Justin Bieber's Autobiography: The Lost Introduction
Today Rocks Off got word that pop sensation Justin Bieber was finishing up his first autobiography. The 16-year-old is set to release Justin Bieber: First Step 2 Forever: My Story in October - in print, not tweet by tweet, no less. Following in the footsteps of other poppers like Miley Cyrus, Britney Spears, and the Spice Girls, this book will feature Bieber tracing his career's meteoric rise in his own words.
Rocks Off received a galley copy of the new memoir from a friend who works at Beiber's publishing house in New York City under the strict orders that we not divulge any of the contents, but you know how that goes...
Bieber is also ramping up work on 3D movie about his life. If the leaked introduction he wrote for his autobiography is any indication, which Rocks Off friend says the publisher demanded he rewrite immediately, it sounds like a hellish and thought-provoking affair. After reading it ourselves, we imagine it to be a diabolical cross between Led Zeppelin's The Song Remains the Same and The Monkees' Head.
Read for yourself. You will think twice the next time you hear a young relative cooing the lyrics to any of Bieber's songs.
BIEBER'S ORIGINAL DRAFT
Was it Tolstoy or was it Bret Michaels who once said "There are no second acts in American lives"? I'm not sure at this point. I'm a shell of the man-child I once was. You're reading this because you have some sort of idea of who you think I am or what I should be, but that's just like trying to tell the wind which way to blow.
Fact of the matter is, I don't even know. I'm a figment of some lost imagined dream. I'm a parable for young America, not a pop star. You call me crazy, but it's you reading this who belongs in the stir. Who's in prison now? Not I.
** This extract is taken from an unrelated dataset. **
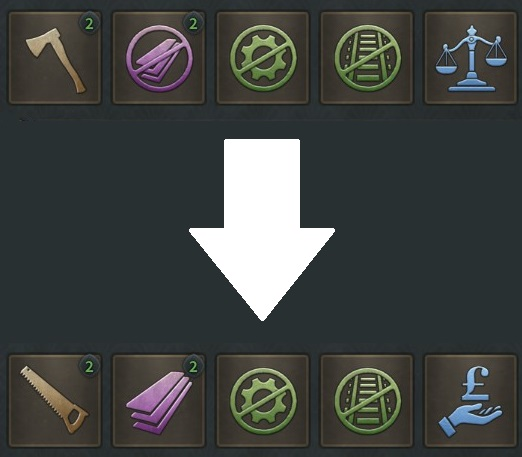 Production Method Auto Conversion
My androgynous visage is no different than that of David Bowie or Klaus Nomi from days of yore. The constant taunts asking whether or not I am a little lesbian only force everyone in turn to rethink their ideas of sexuality and conformity. Everything from my purple clothing to my side-swept hairstyle is designed to shock the world out of their preconceived notions of gender. I have done my intended job if I have titillated or offended anyone.
I can sing "Baby, baby, baby oh like baby, baby, baby no like baby, baby, baby oh," and you may think it's about heartache on the playground, but it's about deeper things than some childish lovesick fairytale.
At the time I wrote the song, I was really into Dante's Inferno (not the video game) and listening to some vintage Leonard Cohen demos someone at the label ferreted to me. I was trying to convey that being an adolescent in love is like roaming the circles of Hell, but Ludacris scotched that idea quickly.
Illustration of Dante's Inferno, Canto 6
What I had in my mind was a sort of cross between "Hey, That's No Way To Say Goodbye" and downtuned Yaz, turned into a terribly palatable radio single. It paid the bills, but at my artistic expense.
As for one less "One Less Lonely Girl", that's about our government taking over third-world countries. These "lonely girls" can be seen as the small underdeveloped lands our tyrannical police state pins down.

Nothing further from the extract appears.